Check out my first novel, midnight's simulacra!

Visualization

From dankwiki

My current home metrics + visualization stack is self-hosted Grafana OSS atop a Prometheus time series database. Prometheus is fed by mqtt2prometheus, which reads Mosquitto-brokered metrics from my bespoke scripts and various IoT devices. Grafana also ingests SNMP from my switches via its own snmp_exporter. I was originally using Prometheus's node_exporter, but thought it horribly heavyweight and kicked that bitch to the curb.

At Microsoft, I use Grafana atop an otherwise custom stack. At Google, I used an entirely custom stack because hey, SWEs gotta get promoted, and the authors of Monarch weren't gonna demonstrate complexity by adapting standard open source tooling.

Data sources

I've got an ESP8266-powered Sonoff S31 smart plug on pretty much every outlet plate. They can be found for less than $20 on sale and consume negligible parasitic power. The vendor firmware is cursed, and ought be immediately replaced with open source Tasmota (this takes about ten minutes per device). Once this is done, enable MQTT. From these, I sample wattage, AC voltage, and wireless quality.

24 hour history of AC voltages in my condo

On each machine, I run a script (from systemd, of course) that periodically samples a bunch of crap, marshals it into JSON with jq, and then sends it off as a unit with mosquitto_pub. Try to get everything for a single machine into a single block so as not to make more than one TLS connection per sampling period (note that this means all metrics will arrive under one topic, which might not jive with your schema). I run with a 15s quantua across all my devices. I recommend being liberal but loud in the face of sampling errors; ideally, errors in sampling will themselves be graphed, and brought to your immediate attention without breaking the device's reporting entirely.

For different machines, supply a different --id to mosquitto_pub. This will allow you to differentiate them via the sensor label in Grafana.

Prometheus

By default, your databases will be in /var/lib/prometheus. The initial retention size and time, at least on Debian, are ridiculously small. Edit /etc/default/prometheus and add something like --storage.tsdb.retention.size=10GB --storage.tsdb.retention.time=10y to ARGS. I don't know whether Prometheus gets slow when it hits these sizes/ages, but I do know it sucks to go look at your data and find out you're only retaining two months' worth. I currently (2023-06) have ~600MB across six months, and have seen no issues.
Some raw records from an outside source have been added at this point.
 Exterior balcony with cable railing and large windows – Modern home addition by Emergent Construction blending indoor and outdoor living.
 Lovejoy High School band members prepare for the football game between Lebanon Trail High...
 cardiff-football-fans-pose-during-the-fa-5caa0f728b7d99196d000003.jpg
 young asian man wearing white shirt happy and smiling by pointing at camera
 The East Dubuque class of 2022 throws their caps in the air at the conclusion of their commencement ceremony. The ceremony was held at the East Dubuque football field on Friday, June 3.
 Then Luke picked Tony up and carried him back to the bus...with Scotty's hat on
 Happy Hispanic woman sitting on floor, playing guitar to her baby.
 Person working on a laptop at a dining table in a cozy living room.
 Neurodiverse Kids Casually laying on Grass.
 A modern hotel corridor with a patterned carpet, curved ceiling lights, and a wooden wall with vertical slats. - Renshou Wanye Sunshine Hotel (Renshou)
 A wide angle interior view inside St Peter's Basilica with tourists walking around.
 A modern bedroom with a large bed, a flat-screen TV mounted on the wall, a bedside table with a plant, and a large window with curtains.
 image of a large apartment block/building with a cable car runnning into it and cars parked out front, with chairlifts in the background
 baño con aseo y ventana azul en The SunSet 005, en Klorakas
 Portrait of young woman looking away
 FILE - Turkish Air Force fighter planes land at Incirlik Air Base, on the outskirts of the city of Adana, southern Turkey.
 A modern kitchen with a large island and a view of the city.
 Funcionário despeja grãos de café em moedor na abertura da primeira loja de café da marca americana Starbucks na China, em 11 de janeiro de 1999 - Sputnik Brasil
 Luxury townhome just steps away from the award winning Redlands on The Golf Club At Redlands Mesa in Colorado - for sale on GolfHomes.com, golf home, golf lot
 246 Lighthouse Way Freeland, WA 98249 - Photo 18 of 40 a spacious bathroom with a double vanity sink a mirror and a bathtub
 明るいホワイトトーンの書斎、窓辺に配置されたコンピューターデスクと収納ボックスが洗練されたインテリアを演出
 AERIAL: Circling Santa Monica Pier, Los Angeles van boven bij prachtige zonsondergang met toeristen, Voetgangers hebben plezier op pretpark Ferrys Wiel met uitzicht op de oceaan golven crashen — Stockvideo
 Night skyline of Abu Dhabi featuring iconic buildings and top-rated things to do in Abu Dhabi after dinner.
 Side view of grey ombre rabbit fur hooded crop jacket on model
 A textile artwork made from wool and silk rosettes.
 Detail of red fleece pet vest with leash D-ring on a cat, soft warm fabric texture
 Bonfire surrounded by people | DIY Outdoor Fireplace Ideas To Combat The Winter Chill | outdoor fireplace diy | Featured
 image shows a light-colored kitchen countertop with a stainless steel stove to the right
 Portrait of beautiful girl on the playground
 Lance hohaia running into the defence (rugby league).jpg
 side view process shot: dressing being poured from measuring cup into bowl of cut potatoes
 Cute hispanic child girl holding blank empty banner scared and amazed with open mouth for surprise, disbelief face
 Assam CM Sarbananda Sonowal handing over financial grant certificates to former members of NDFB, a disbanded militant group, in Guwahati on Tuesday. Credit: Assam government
By default, Prometheus provides a data explorer UI and API on port 9090. Exporters (e.g. snmp_exporter) usually run their own UIs/APIs on their own ports (e.g. 9116 for snmp_exporter).

mqtt2prometheus

SNMP

Debian's prometheus-snmp-exporter package provides prometheus-snmp-generator and the prometheus-snmp-exporter server. The former is used to build /etc/prometheus/snmp.yml. The package cannot Depend on snmp-mibs-downloader due to this package being in non-free, but you'll want it for the download-mibs script.

Grafana

Grafana strongly encourages you to run their "Enterprise Edition", so naturally I chose otherwise. The "OSS Edition" can be downloaded here. I don't really know anything about the difference between the two, and simply trust "OSS" more than I do "Enterprise". Unlike Prometheus, Grafana does not appear to be naturally available in Debian, but I've run into no problems with their deb on Unstable.